II Domenica di Quaresima *Domenica 17 marzo 2019

Luca 9, 28b-36

In quel tempo, Gesù prese con sé Pietro, Giovanni e Giacomo e salì sul monte a pregare. Mentre pregava, il suo volto cambiò d’aspetto e la sua veste divenne candida e sfolgorante. Ed ecco, due uomini conversavano con lui: erano Mosè ed Elia, apparsi nella gloria, e parlavano del suo esodo, che stava per compiersi a Gerusalemme. Pietro e i suoi compagni erano oppressi dal sonno; ma, quando si svegliarono, videro la sua gloria e i due uomini che stavano con lui. Mentre questi si separavano da lui, Pietro disse a Gesù: «Maestro, è bello per noi essere qui. Facciamo tre capanne, una per te, una per Mosè e una per Elia». Egli non sapeva quello che diceva. Mentre parlava così, venne una nube e li coprì con la sua ombra. All’entrare nella nube, ebbero paura.
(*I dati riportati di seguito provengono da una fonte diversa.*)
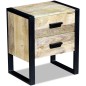 vidaXL Mesa auxiliar con 2 cajones madera maciza de mango 43x33x51 cm vidaXL Mesa auxiliar con 2 cajones madera maciza de mango 43x33x51 cm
E dalla nube uscì una voce, che diceva: «Questi è il Figlio mio, l’eletto; ascoltatelo!». Appena la voce cessò, restò Gesù solo. Essi tacquero e in quei giorni non riferirono a nessuno ciò che avevano visto.

Ombre sulla gloria

Come ogni anno, all’inizio del nostro cammino di Quaresima, siamo chiamati a meditare prima su Gesù tentato nel deserto, e poi su Gesù che si trasfigura come Dio davanti ai suoi più intimi. La prova, prima, e la gloria poi. Però se prestiamo attenzione a quanto succede ci si accorge che le cose non sono proprio così schematiche. La settimana scorsa il tema portante era quello delle tentazioni, il protagonista dell’episodio era il demonio, che operava instancabilmente, ma alla fine anche il Vangelo delle tentazioni si dimostrava già un Vangelo di gloria, perché è Gesù che trionfa e mette la parola fine su ogni tentativo del diavolo. L’episodio delle tentazioni è incorniciato dalla gloria, perché era iniziato con lo Spirito Santo che accompagna Gesù. Oggi il tema è quello della Gloria divina, che si manifesta nel Vangelo e nella prima lettura, ma allo stesso tempo ci sono dei particolari che fanno scricchiolare questa gloria, e sembrano metterla in pericolo. 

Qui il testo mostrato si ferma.